129 kadın örgütünün oluşturduğu Suriye İçin Kadın İnisiyatifi’nin çağrısıyla kadınlar, Hatay’ın Samandağ ilçesinde Suriye’de yaşanan katliamlara karşı yürüdü. Yürüşün ardından insan zinciri oluşturan kadınlar yaptığı açıklamada “Ortadoğu’daki diğer çatışmalarda anında insani yardım koridoru açmakla övünen siyasi iktidar, bir an önce Aleviler için de aynı şeyi yapmalıdır! Siz sadece koridoru açın, biz kardeşlerimize gerekli her türlü yardımı ulaştırmaya hazırız. Bugün Suriye’de yakılan ateş söndürülmezse, o ateş yarın hepimizin yurduna düşecektir” dedi
Hatay’ın Samandağ ilçesinde 129 kadın örgütünün oluşturduğu Suriye İçin Kadın İnisiyatifi’nin çağrısıyla kadınlar, Suriye’de yaşanan katliamlara karşı yürüdü. Hatay’a çevre illerden otobüs kaldıran kadınlar Samandağ PTT Şubesi önünde bir araya geldi. Hızır Türbesi’ne yürüyen kadınlar, sık sık “Katil HTŞ, işbirlikçi AKP”, “Yaşasın kadın dayanışması” ve “Faşizme karşı omuz omuza” sloganları attı. Yürüyüşün ardından insan zinciri oluşturarak basın açıklaması yapıldı.
Suriye İçin Kadın İnisiyatifi adına basın açıklamasını Alevi Bektaşi Federasyonu Genel Başkan Yardımcısı Elif Keleşo okudu. Keleşo, sözlerine Ermeni Soykırımının yıldönümü olması sebebiyle “katliamla yüzleşilsin” çağrısını yaptı.

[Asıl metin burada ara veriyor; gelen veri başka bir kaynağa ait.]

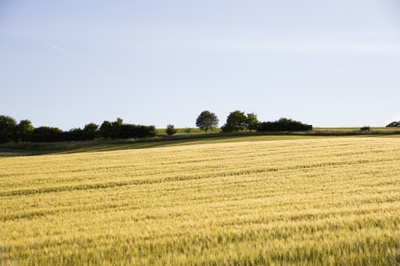 Eine vielfältige Landschaft beherbergt eine vielfältigere Tier- und Pflanzenwelt: Dieses Ackerland grenzt zum Beispiel an Wiesen mit Büschen und Bäumen. Solche naturnahen Bereiche bieten Nahrung, Schutz und Nistplätze. Foto: Mareike Oponczewski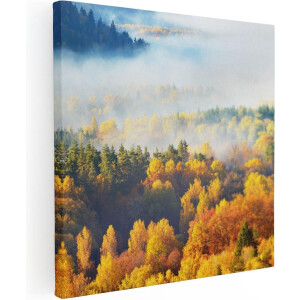 Artaza Canvas Schilderij Gekleurde Herfstbos Met Mist - 70x70 - Foto Op Canvas - Canvas Print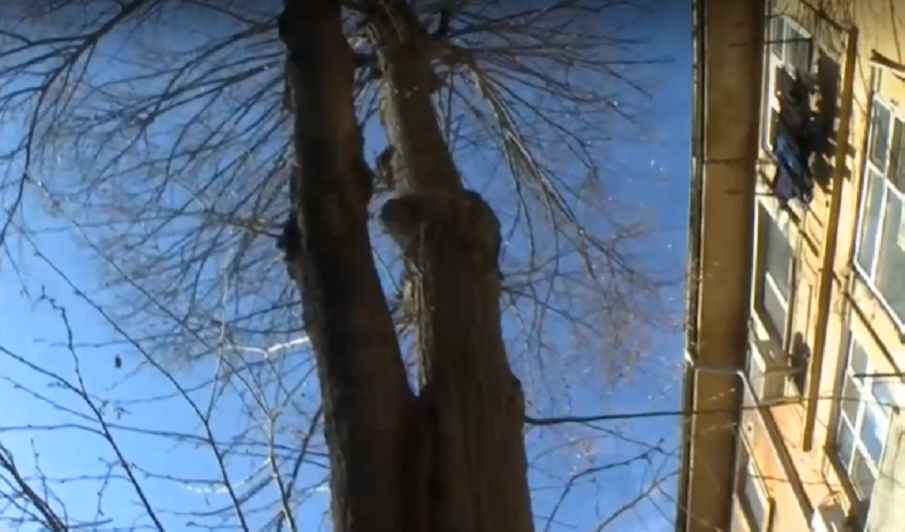 Огромно дърво всеки момент може да рухне върху къща в Пловдив! Шефът на Градини и паркове“ нехае, държи се арогантно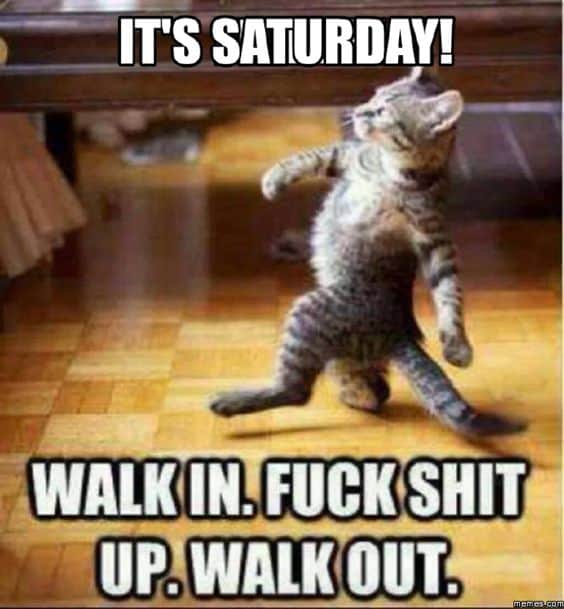 Saturday Memes Grumpy Cat Saturday Memes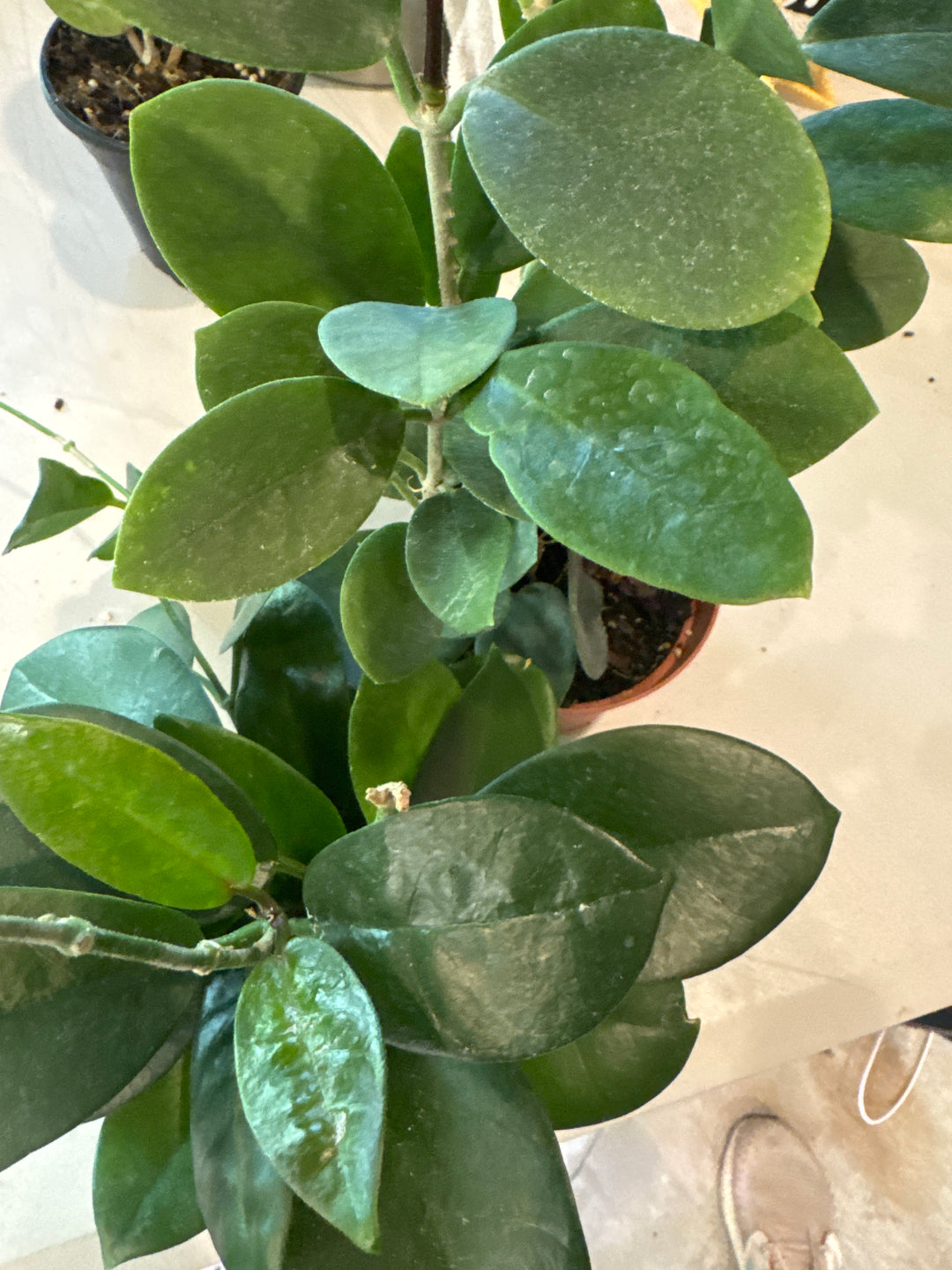 Hoya Australis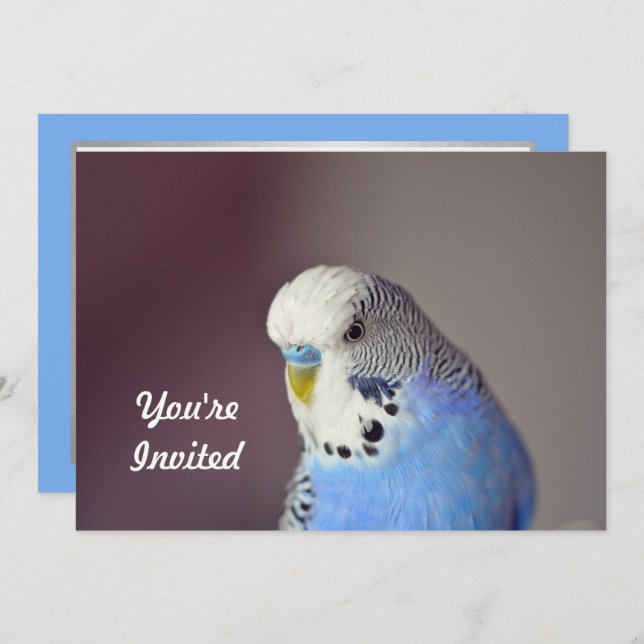 Pretty Blue Budgie Photo Birthday Invitation (Front/Back)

Suriye’de insanlığın yeni bir katliamla karşı karşıya olduğunu belirten Elif Keleşo, “8 Aralık’ta El Kaide ve IŞİD gibi cihatçı örgütlerin devamı olan HTŞ, yönetimi ele geçirir geçirmez Suriye halklarına, özellikle de Alevilere karşı sistemli bir soykırım uygulamaktadır. Bu şeriatçı yapı sadece Alevileri değil; Dürzilere, Kürtlere, Türkmenlere ve Hristiyanlara da saldırmaktadır. Suriye’de yaşanan Alevi katliamı; Koçgiri, Zilan, Dersim, Maraş, Sivas Madımak, Suruç ve Gazi katliamlarının devamından başka bir şey değildir” diye konuştu.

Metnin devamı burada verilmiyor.